N1das - I think I might have to disagree with you. I've learned a lot from your posts, so I know that you know a lot about these cars. I'm just a hobbyist, so I could be wrong. But I have found glow plug information pages from Denso (link is here), NGK (link is here), Bosch (link is here), and pico technology (link is here). Interesting reading. They all state that glow plugs are used as an aid in active regeneration of the dpf. Of course, I'm sure every car manufacturer has a different algorithm that may rely more or less (or possibly not at all?) on glow plug activation for active regeneration during short/low load driving conditions. By reading other posts it seems that there may be a minimum number of glow plug failures before dpf regeneration is hampered (i.e. - only one bad glow plug out of 8 and regen can still occur, but have 5 out 6 glow plugs bad and regen cannot occur). This link is an example of just such a discussion. I also found particularly interesting post #13 by Aqua Puttana where he quotes from a posting on diesel dpf problems (link is here).

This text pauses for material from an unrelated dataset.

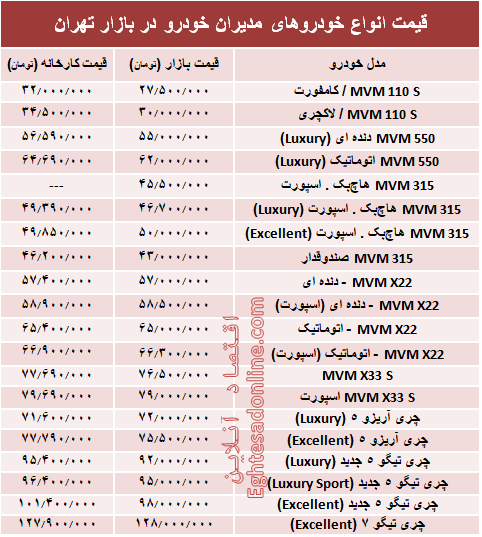 قیمت انواع خودروهای مدیران خودرو در بازار +جدول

The point is made that multiple factors (EGR valve, glow plugs, thermostat, coolant temp sensor, Lambda sensor failure, and/or DPF pressure/back pressure sensors) can cause dpf problems. Things can also snowball - one starts with a faulty thermostat, which leads to low engine temps, then the engine computer keeps the glow plugs activated to try to keep up the engine temp, which leads to glow plug burnout, which leads to inadequate active dpf regeneration, which leads to a clogged dpf, which leads to a high dpf pressure signal, which blocks further regeneration. A nasty downward spiral.

But back to Bigkev77 - you never answered my question about whether or not you actually have glow plug malfunction codes. I assume you must, but it was never stated. Any other codes - perhaps EGR valve? As noted above many things can contribute to dpf regeneration failure. Hope the idea of reducing DPF backpressure to allow a regen to occur helps. You noted that you recently had your thermostat replaced. Are your temps in the 88 degree C range?

Anyway, hope that helps.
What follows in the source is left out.